* Supplied records
.....

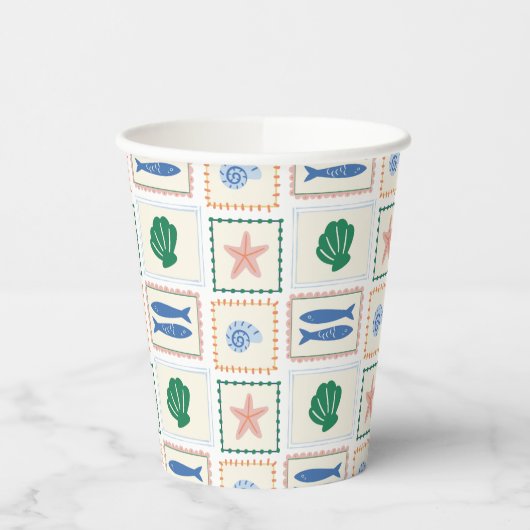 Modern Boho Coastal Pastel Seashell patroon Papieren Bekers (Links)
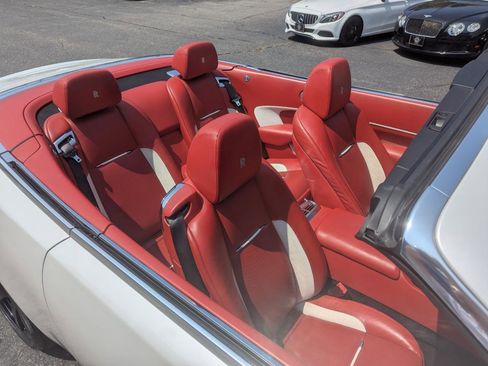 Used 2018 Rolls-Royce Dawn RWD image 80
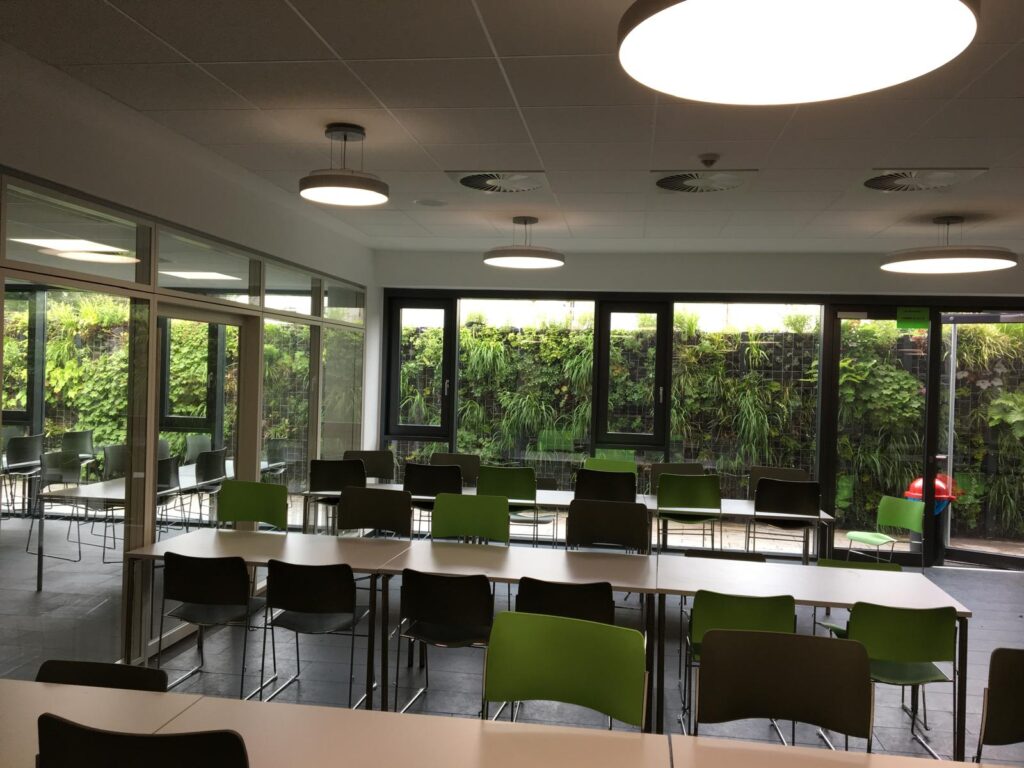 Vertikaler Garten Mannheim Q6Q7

.....

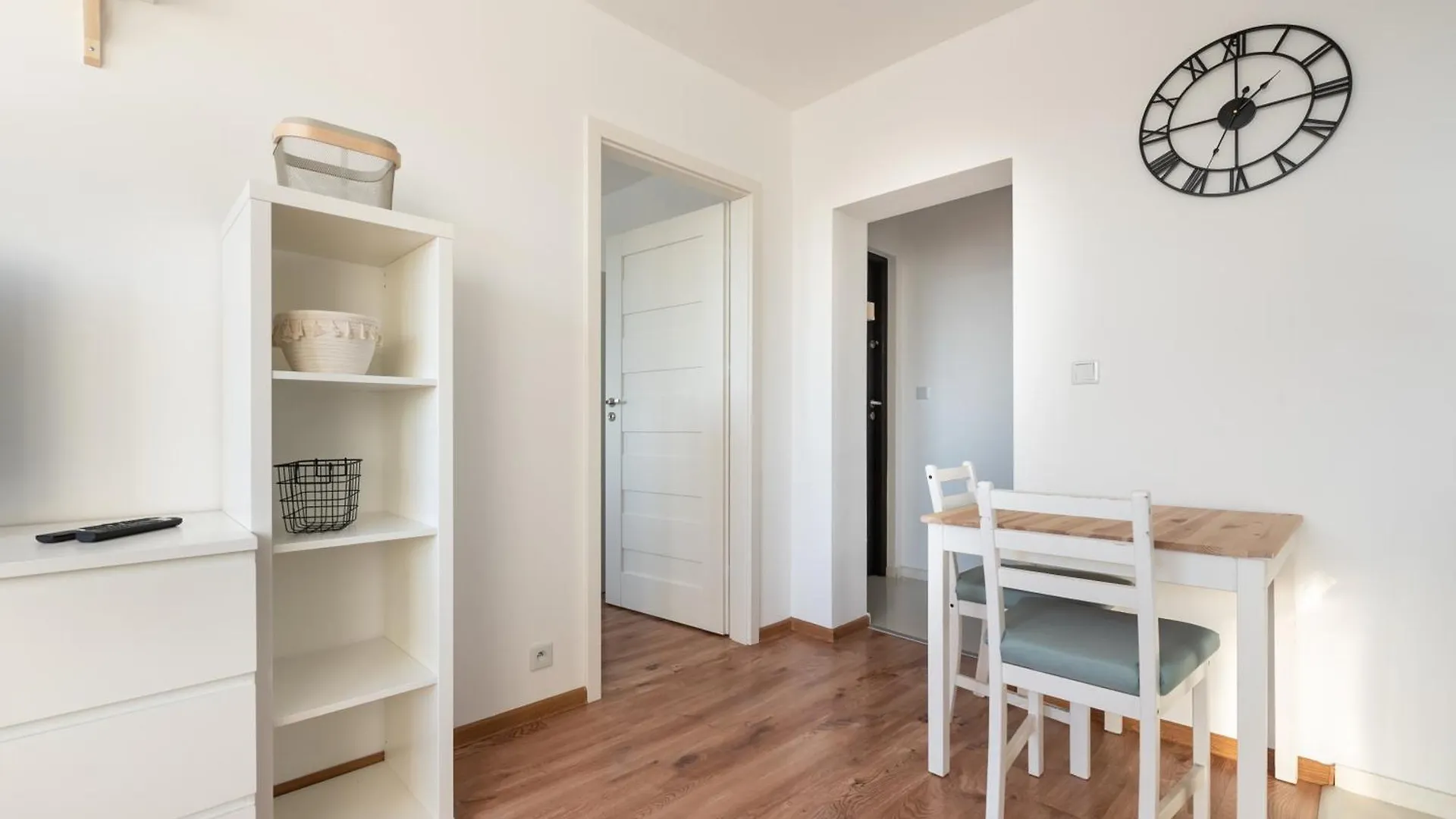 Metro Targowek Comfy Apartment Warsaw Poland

.....

* What to do
Copy exactly the lines of the listing above between the one holding "Modern Boho Coastal" and the one holding "Vertikaler Garten Mannheim Q6Q7", inclusive; omit all pictures.

* Task result
 Modern Boho Coastal Pastel Seashell patroon Papieren Bekers (Links)
 Used 2018 Rolls-Royce Dawn RWD image 80
 Vertikaler Garten Mannheim Q6Q7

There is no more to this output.